AFI Europe
- Company type: Privately held company
- Industry: Real estate
- Founded: 1997; 28 years ago
- Founder: AFI Group (Africa Israel Investments)
- Headquarters: Amsterdam, Netherlands (Since 2004)
- Area served: Central and Eastern Europe
- Products: Real estate developments
- Number of employees: 150 (2023)
- Website: afi-properties.com; www.afi-europe.cz; afieurope.ro;

= AFI Europe =

European real estate development company

AFI Europe is a real estate development and investment company operating in several main cities in Central and Eastern Europe.
AFI Europe predominantly focuses on the development of large scale residential and commercial projects, and is part of the AFI Group, an Israeli holdings and investments conglomerate.

== History ==
The company commenced its operations in 1997 and coordinates AFI Group activities in Europe, and is headquartered in the Netherlands since 2006.

== Projects And Properties ==
The assets portfolio of AFI Europe consists of shopping malls and retail properties, business parks and office complexes, large-scale residential and mixed-use projects and income-yielding residential properties.

Among the company's more famous assets are AFI Palace Cotroceni, the largest shopping mall in Bucharest; the Airport City business park in Belgrade; the Classic 7 office project in Prague and :pl:Osiedle Europejskie, a large-scale residential project in Kraków.

== Controversy ==
During the money laundering case United States v.

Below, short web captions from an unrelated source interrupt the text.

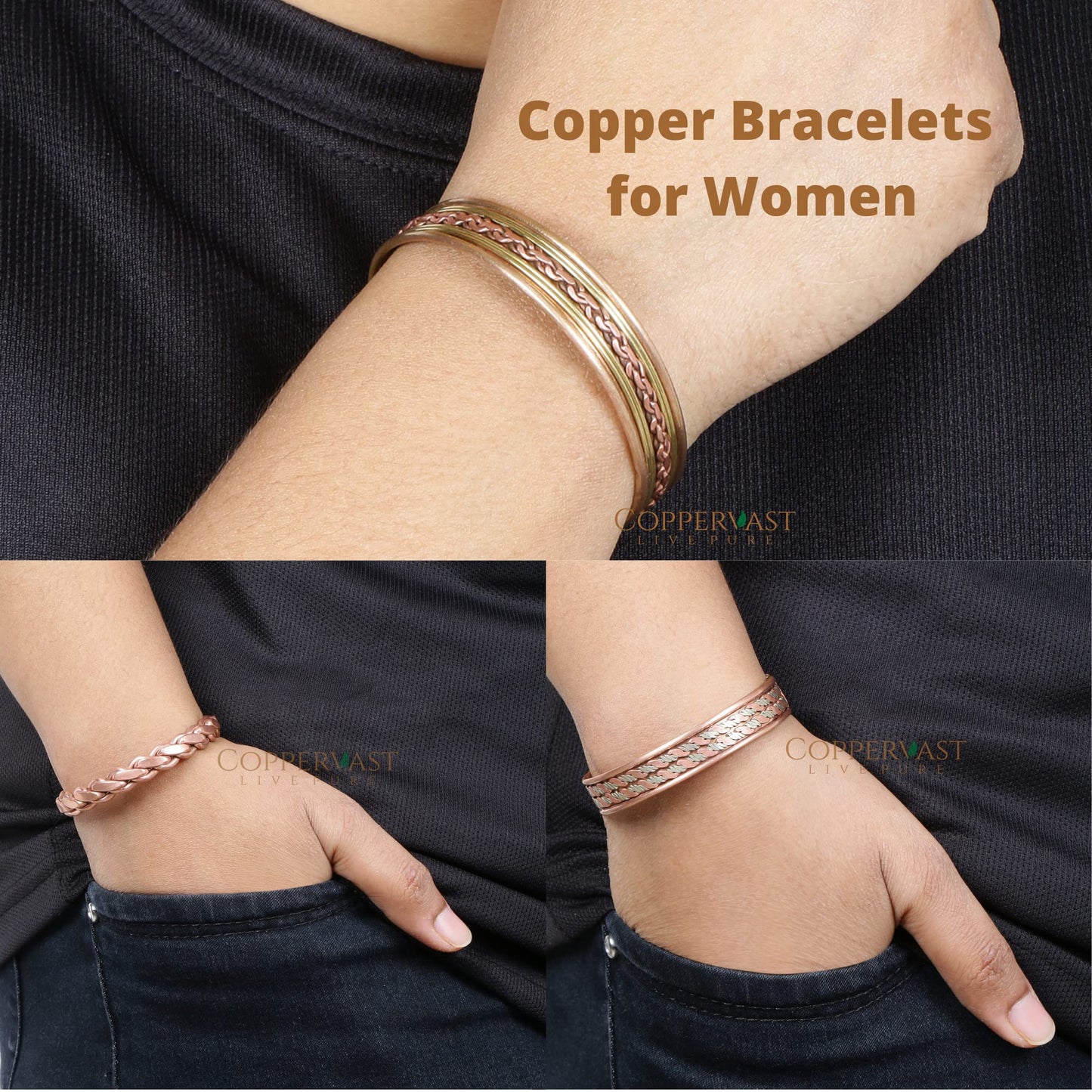 Copper Bracelets- for Men and Women| Set of 3 with Gift Bag |Handmade 100% Copper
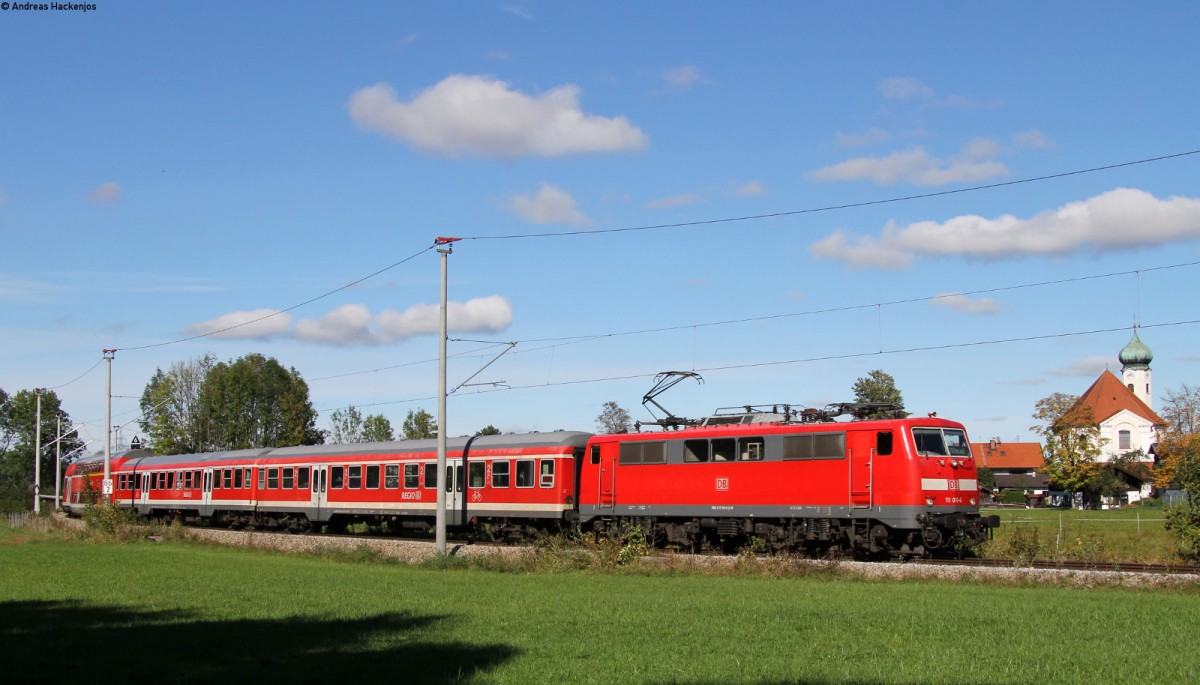 111 019-6 mit der RB 59521 (Mnchen Hbf-Mittenwald) bei Eschenlohe 13.10.13
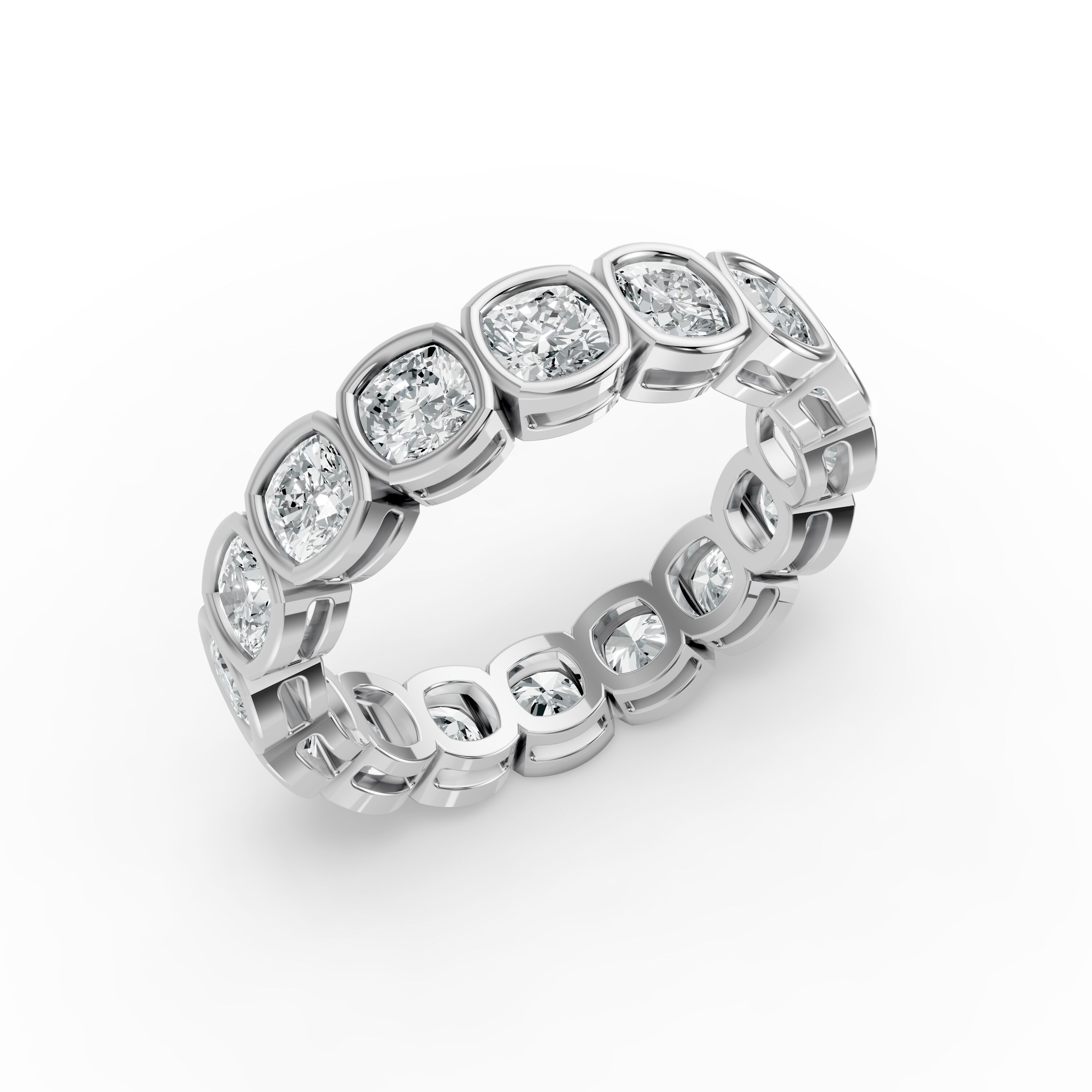 Cushion Shape Diamond Eternity Bands in Gold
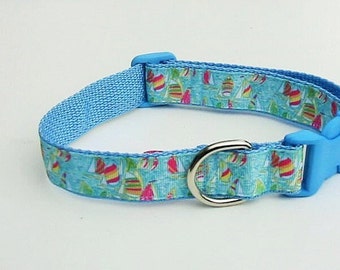 BLUE SAILBOAT Dog Collar, Pink Collar, Nautical Collar, Preppy Ribbon Collar, Tropical Collar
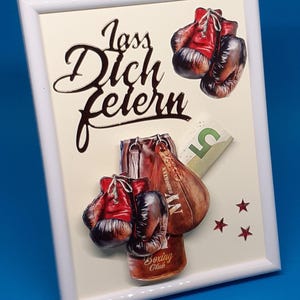 Geldgeschenk Boxer Boxhandschuhe Boxsack Boxkampf Gutschein Geschenk im Bilderrahmen Geburtstagskarte Geldgeschenkverpackung zauberhaft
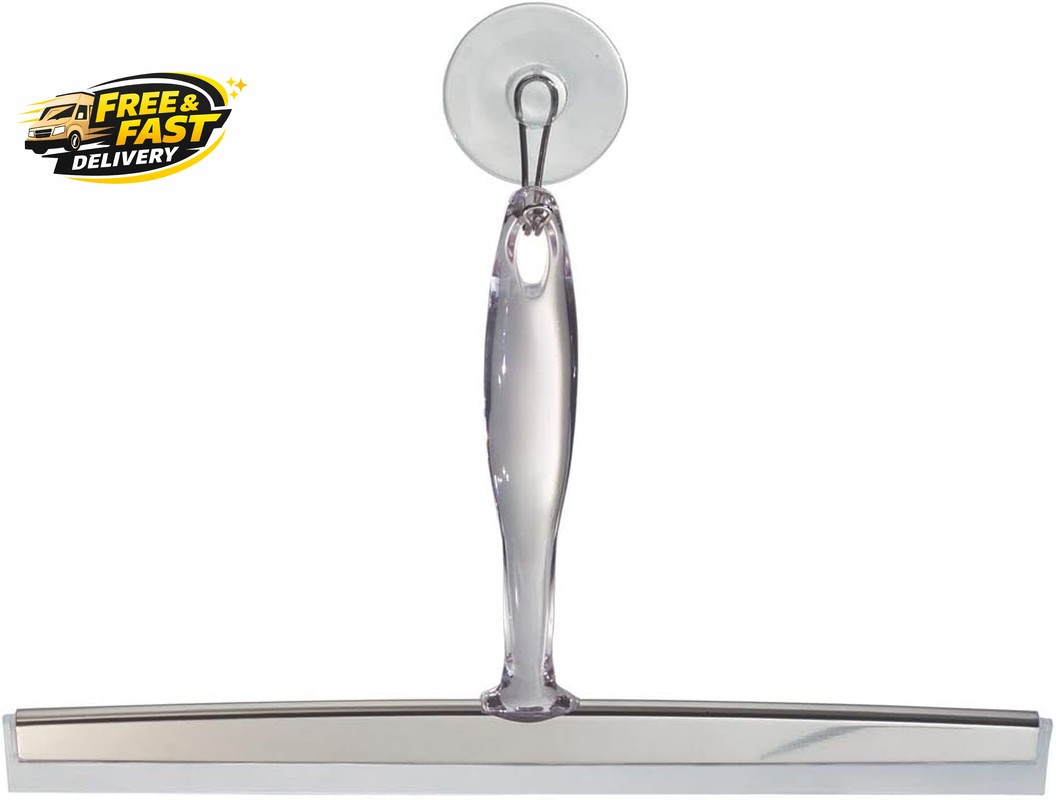 Idesign Zia Metal and Plastic Bathroom Squeegee for Shower, Glass Doors,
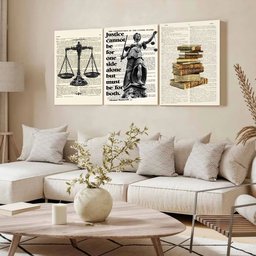 Kit 3 Quadro Decorativo Advocacia Escritório Justiça Placa 28x20cm - 2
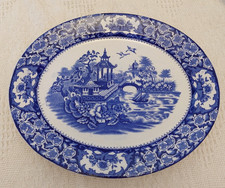 Vintage Flow Blue Olde Alton Ware Oval Platter in Great Condition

Prevezon Holdings which involved Sergei Magnitsky companies stolen by Denis Katsyv, Prevezon Holdings accounts with AFI Europe were frozen but, after the out of court settlement was reached between Joon Kim, the acting US Attorney for the Southern District of New York, and both Louis Freeh and Natalia Veselnitskaya, who were attorneys for Prevezon, Prevezon stated that money to pay its $5.9 million fine would come from the Netherlands from more than $3 million that AFI Europe owed to Prevezon.

== Countries of operation ==
AFI Europe owns, develops and manages properties and projects in Serbia, Czech Republic Germany, Hungary, Bulgaria, Poland, Latvia, and Romania. with on-the-ground teams comprising more than 150 professionals.